Editing: Inpaint, Outpaint, and Generative Fill
Generation gives you a base, editing makes it usable. The three workhorse edits are inpainting (replace part of an image), outpainting (extend beyond its edges), and object removal. These live in Photoshop's Generative Fill, in Flux Fill, and in every major web editor. This lesson teaches the technique that makes them work.
Step 1: Inpaint with a tight mask and a small prompt
Inpainting replaces whatever you mask. The two mistakes are masking too large an area and writing too big a prompt. Mask just the region and describe only what should be there. To remove an object, mask it and prompt the background that should fill the gap.
Step 2: Outpaint to reframe
Outpainting extends the canvas. Use it to turn a square into a wide banner, or to give a tightly cropped subject some breathing room. Drag the canvas larger, then let the model invent what continues the scene.
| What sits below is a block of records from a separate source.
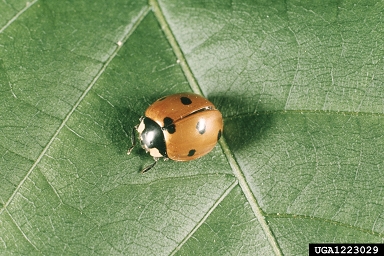 sevenspotted lady beetle, Coccinella septempunctata  (Coleoptera: Coccinellidae) - 1223029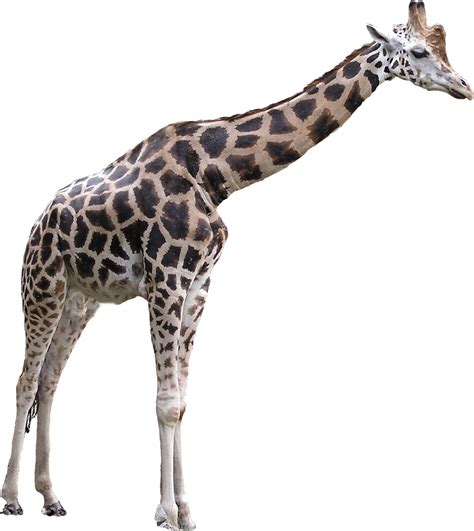 Png Hd Giraffe Transparent Hd Giraffepng Images Pluspng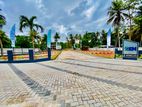 ගාලු පාර අයිනෙන්ම සංචාරක ආකර්ෂණය දිනූ වාද්දුව තල්පිටියෙන් D29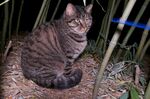夜色中蹲坐的斑纹猫咪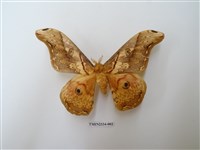 藏品(大綠目天蠶蛾)的圖片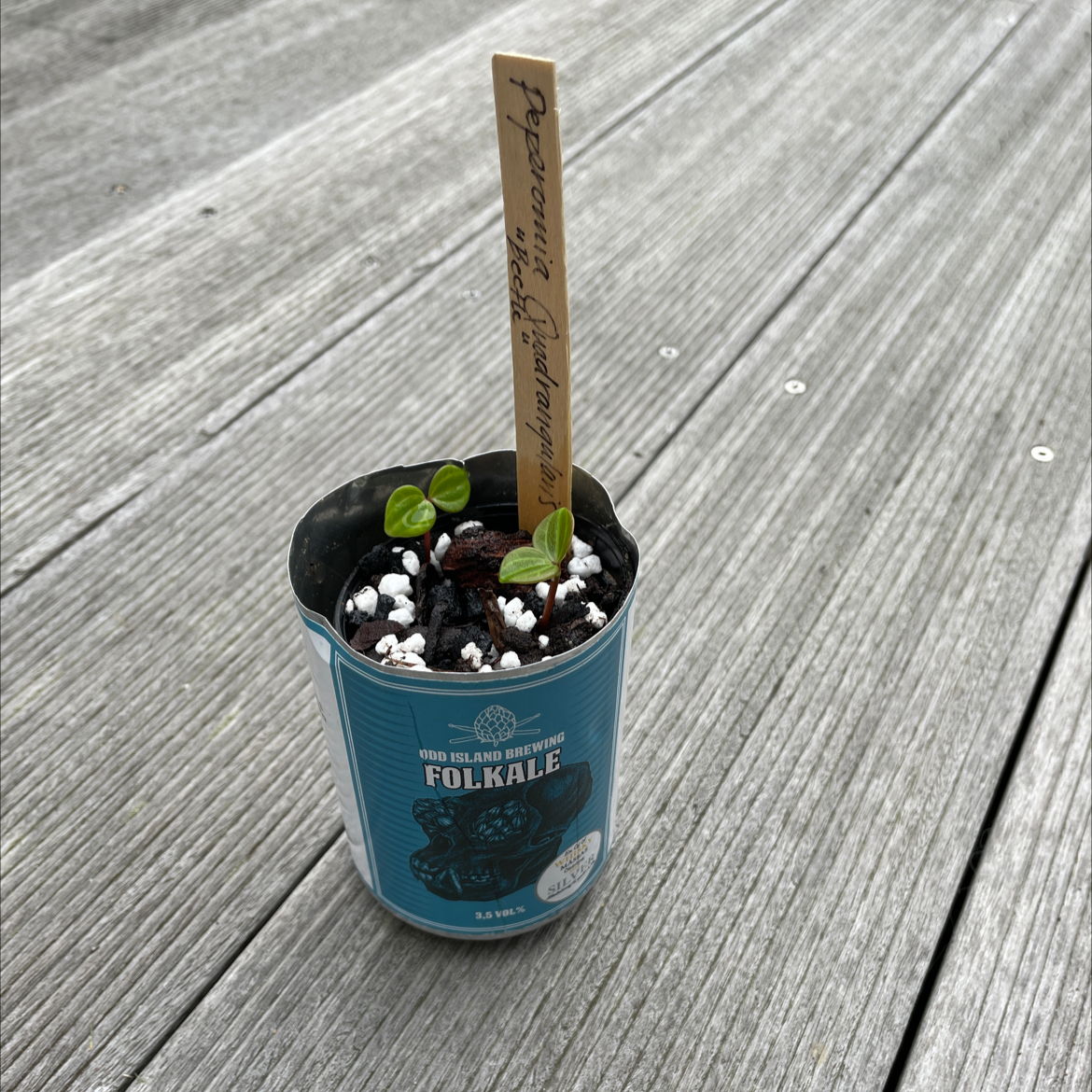 Beetle Peperomia plant in a container with visible soil and a plant label.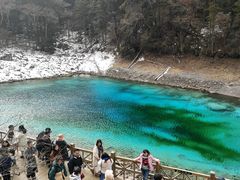 -胡家包子·清真(大众巷店)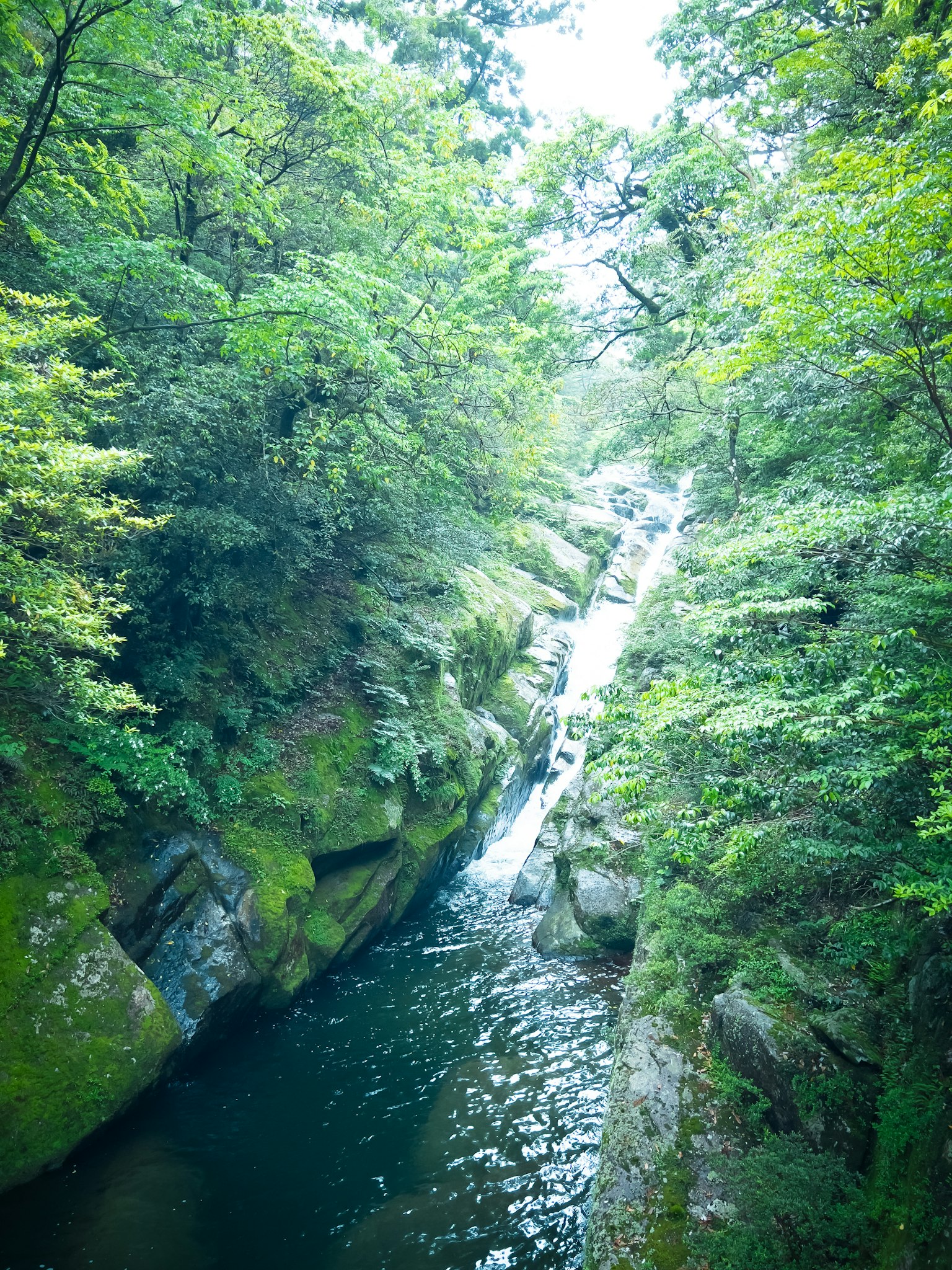 Sebuah air terjun kecil mengalir melalui hutan yang rimbun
Step 3: Composite when generation cannot get there
Sometimes the cleanest path is old fashioned. Generate elements separately, then composite them in a layered editor with masks and blending. AI removes the boring parts (cutting out, matching light) but you keep the control. Tools like Photoshop and the open source Krita with its AI plugin do this well.
Result
Take one of your earlier images, remove a distracting object with inpainting, extend it to a wide banner with outpainting, and confirm the result looks like a single seamless photo.